# What benefits that a Work Permit can bring?



## TrangDoan

1. You can open a trading account with a broker
2. You can open a fixed account to get a credit card in Thai bank, and also a checking account
3. Your spouse can obtain a Non - O visa and stay with you. 
4. It is easier to send money out of the country if you needed to do that.
5. You can enrollment in the Thai Social Security system, which not only provides full health care coverage at a very low price but which you can remain in for life even after you stop working provided you keep up the small payments.
6. You can have a Thai driving license
7. You can send your kids to a Thai public school at low cost.
8. You can apply for a visa to other countries which is often not possible for holders of some passports if they do not have a work permit. Filipinos. Indians, Iranians, Chinese etc. 
9. Improved status of stay in the kingdom. Being a tourist or a student may not be possible forever but being employed with a work permit is.

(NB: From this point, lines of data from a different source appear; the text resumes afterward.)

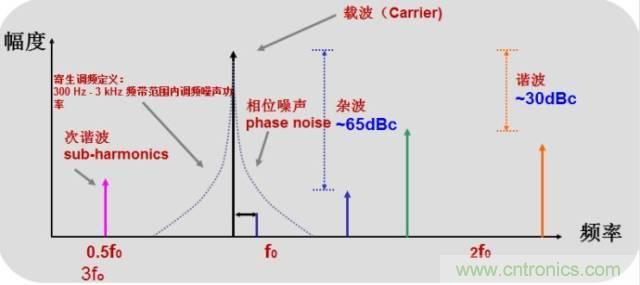 圖文并茂，一文讀懂信號(hào)源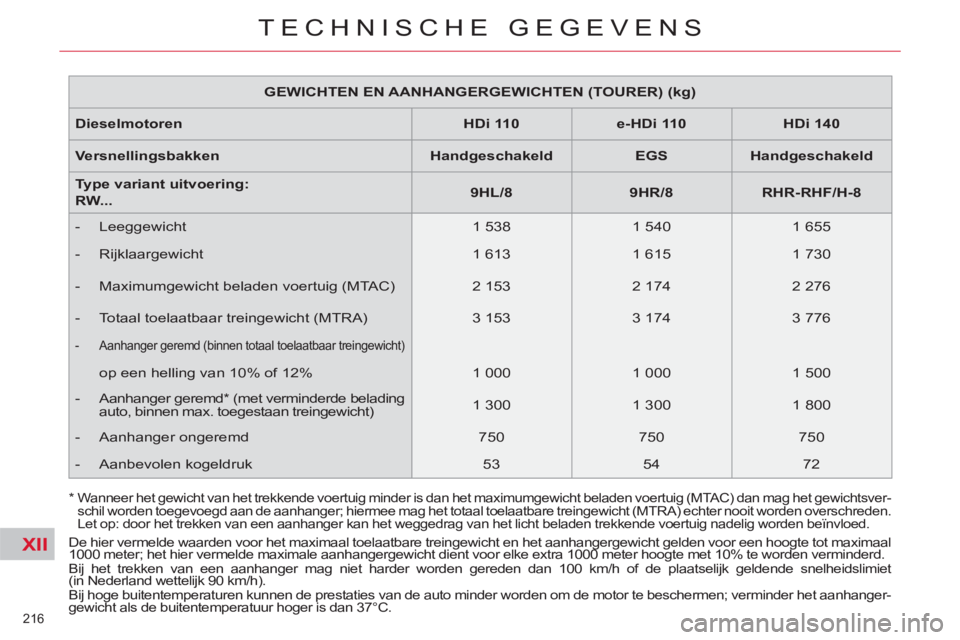 CITROEN C5 2012 Instructieboekjes (in Dutch) XII
216
TECHNISCHE GEGEVENS
GEWICHTEN EN AANHANGERGEWICHTEN (TOURER) (kg)
Dieselmotoren
HDi 110
e-HDi 110
HDi 140
Versnellingsbakken
Handgeschakeld CITROEN C5 2012 Instructieboekjes (in Dutch) XII
216
TECHNISCHE GEGEVENS
GEWICHTEN EN AANHANGERGEWICHTEN (TOURER) (kg)
Dieselmotoren
HDi 110
e-HDi 110
HDi 140
Versnellingsbakken
Handgeschakeld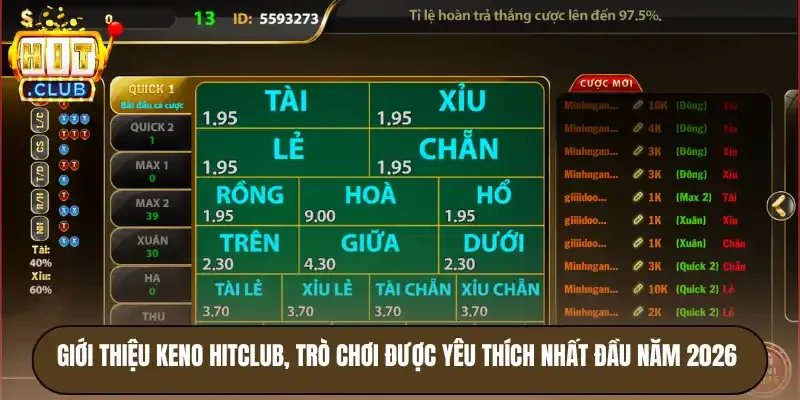 Giới thiệu keno Hitclub, trò chơi được yêu thích nhất đầu năm 2026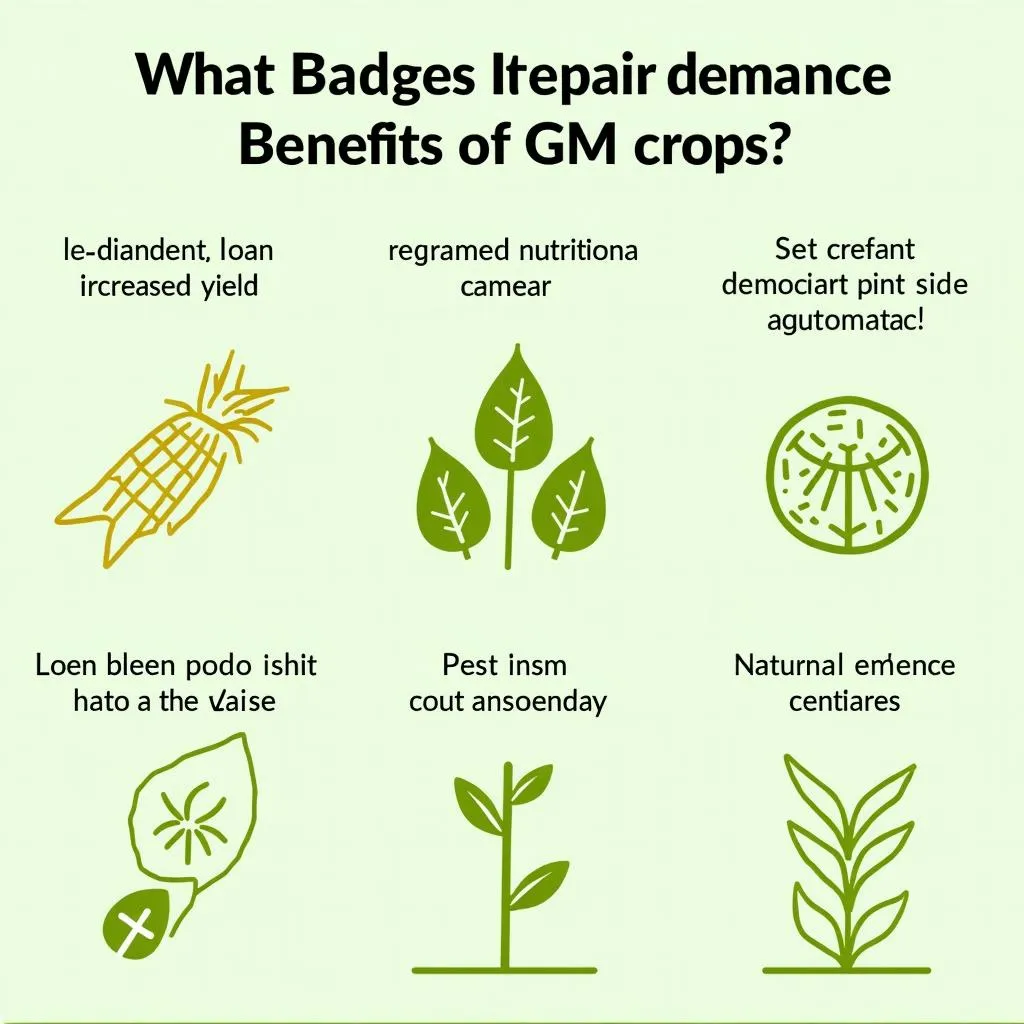 GM Crop Benefits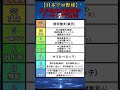 【日本プロ野球】PL学園出身のプロで活躍した最強選手ランキングTier表 #shorts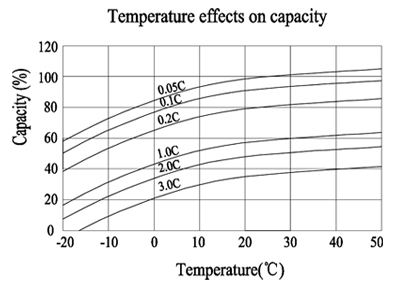 TLV690F2 - 6V 9Ah Sealed Lead Acid Battery with F2 Terminals - Temperature Effects on Capacity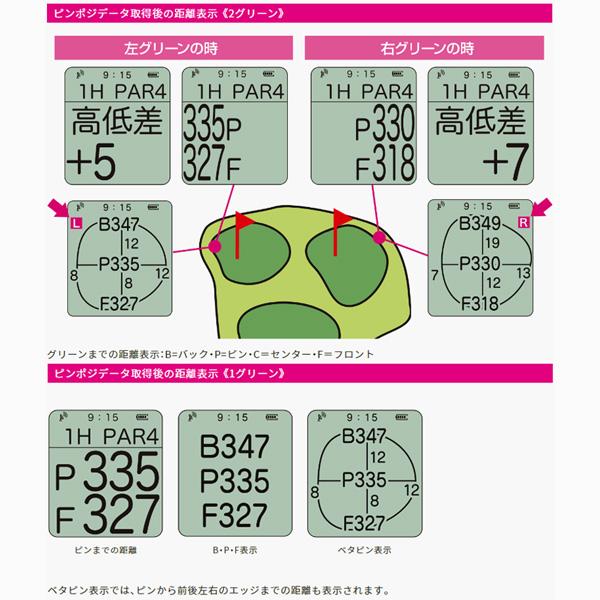 EAGLE VISION 朝日ゴルフ watch 6 EV-236WH イーグルビジョン ウォッチ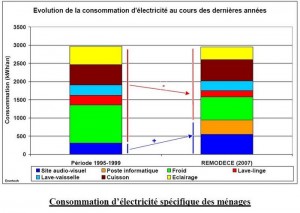 Evolution de la consommation électrique des ménages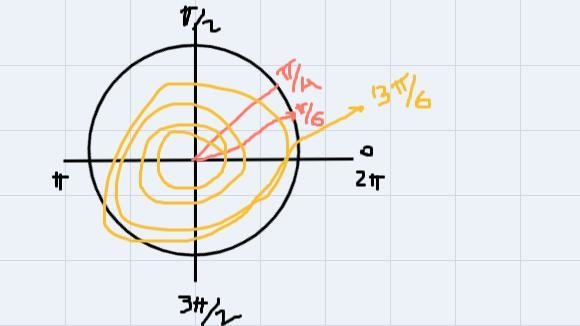 Find the value of csc (13π/6) using the unit circle.-example-1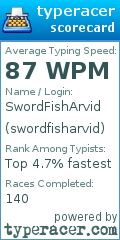 Scorecard for user swordfisharvid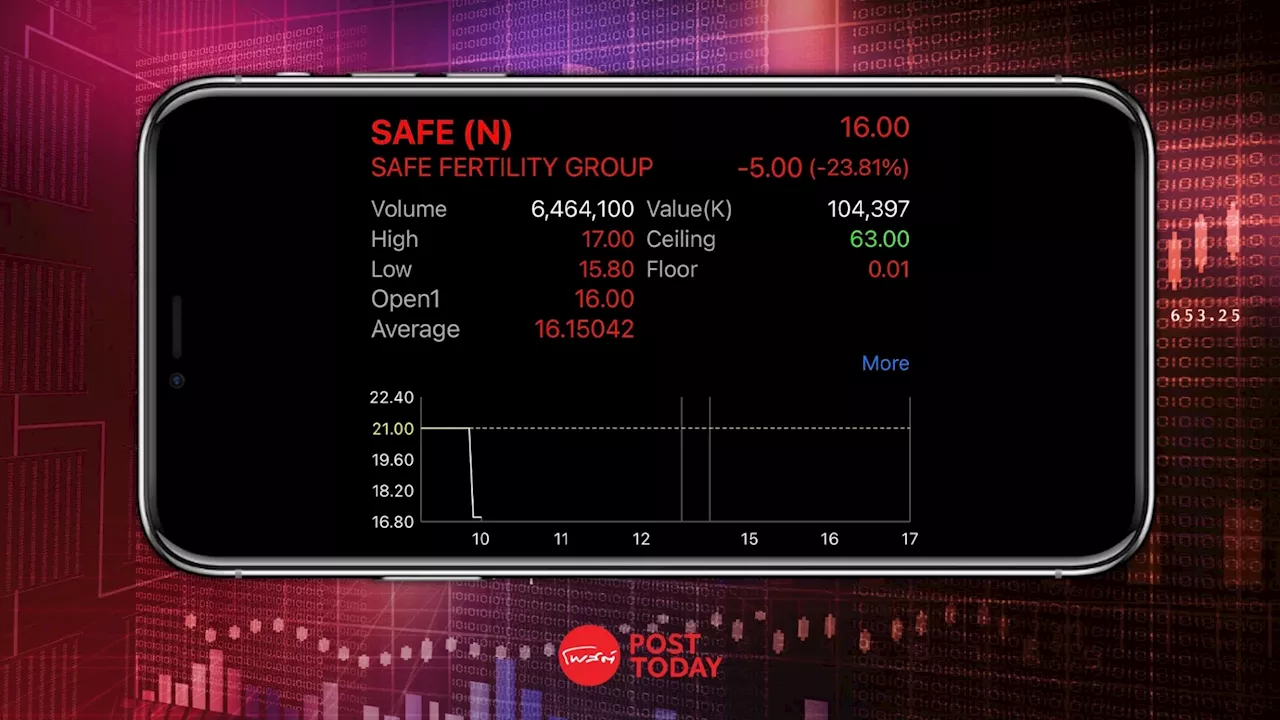 SAFE เปิดเทรดวันแรก 16 บาท ต่ำจอง 23.81% ง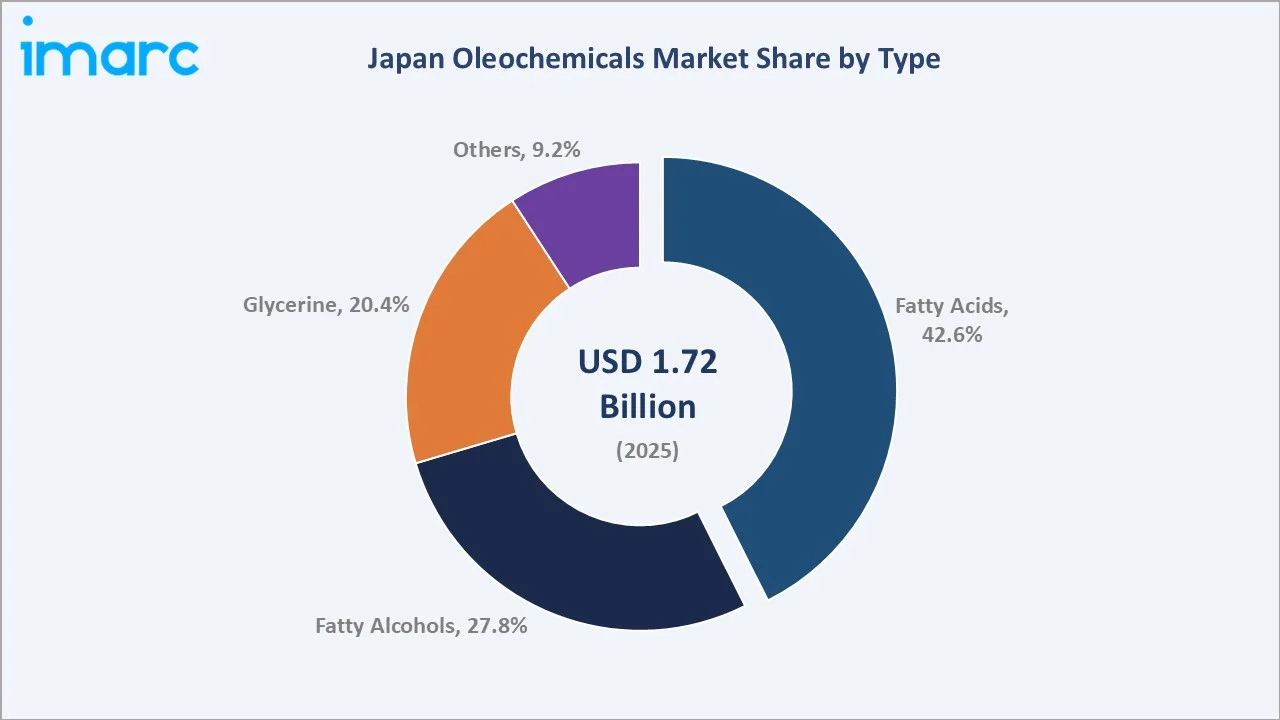 Japan Oleochemicals Market By Type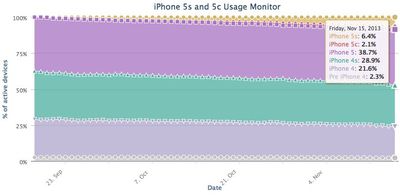 fiksu_iphone_nov15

You can add more if I missed any..


----------



## joseph44

10. You can get a mobile phone contract easier
11. You will be able to buy a car on monthly installments
12. You often pay the Thai entrance fees at National Parks and Museums
13. You can buy and sell motor vehicles without a special letter from Immigration
14. You get a free membership of the Thai Revenue Department
15. You don't have to leave the country for the so called "border runs"
16. ...........


----------



## TrangDoan

Thanks Joseph44 

If anyone need more information, please let me know


----------